[torqueusers] PBS_NODEFILE incomplete (entries for last(?) nodeonly)

Gus Correa gus at ldeo.columbia.edu
Mon Oct 11 11:10:09 MDT 2010


Gordon Wells wrote:
> Hi
> 
> The varies /etc/hosts, nodes, server_name and config files and seem to 
> be consistent. The nodes are indeed connected to the internet, could 
> that be problematic?

Hi Gordon

Yes, if the nodes are behind firewalls, or have some IP table setting 
restricting the connections.
A firewall may prevent torque and MPI from working.
Moreover, using the Internet addresses,
the network traffic may hurt performance (MPI, I/O, etc).

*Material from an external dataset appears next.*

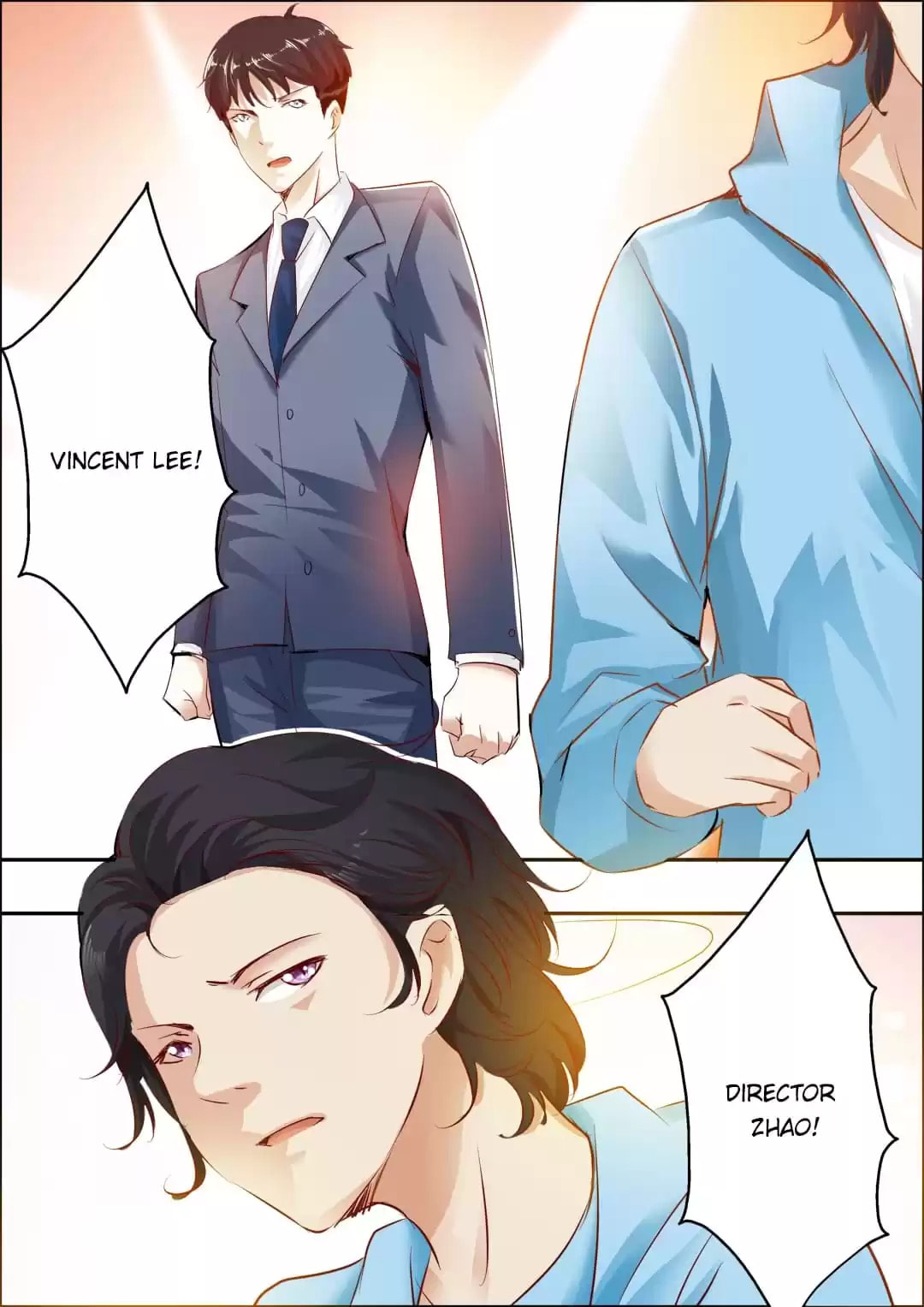 Read One-Night Evil chapter 18 image 11 on Lezhin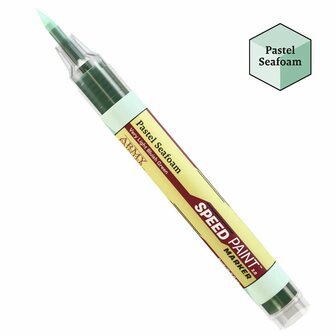 Speedpaint 2.0 Marker - Pastel Seafoam &ndash; Verfmarker &ndash; The Army Painter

Here I (and most people) use a private subnet for this, say 192.168.1.0, 
or 10.1.1.0 either one with netmask 255.255.255.0, for this.
Sometimes two private subnets, one for cluster control and I/O,
another for MPI.
Typical server motherboards come with two onboard Ethernet ports,
but you can also plug in Gigabit Ethernet NICs on available motherboard 
slots.
You could buy a cat5e cables and new switch for this, or if your switch 
has VLAN capability and enough idle ports,
you can create a virtual subnet on it.

On each node you have to configure these new interfaces properly,
either through DHCP or statically (quite easy, put the IP
addresses and the netmask on
/etc/sysconfig/network-scripts/ifcfg-eth1, assuming eth1
is the private subnet interface ... oh well, this is for 
RHEL/CentOS/Fedora, it may somewhat
different in Debian/Ubuntu or SLES).

Then insert names for these interfaces and associated IPs on the 
/etc/hosts files (same on all nodes).
For instance:

192.168.1.1 node01
...

The same names should be also used in the ${TORQUE}/server_priv/nodes file.

In any case, either using the Internet or a private subnet,
you need to make sure the users can
ssh passwordless across all pairs of nodes.
Can you do this on all node pairs on your cluster?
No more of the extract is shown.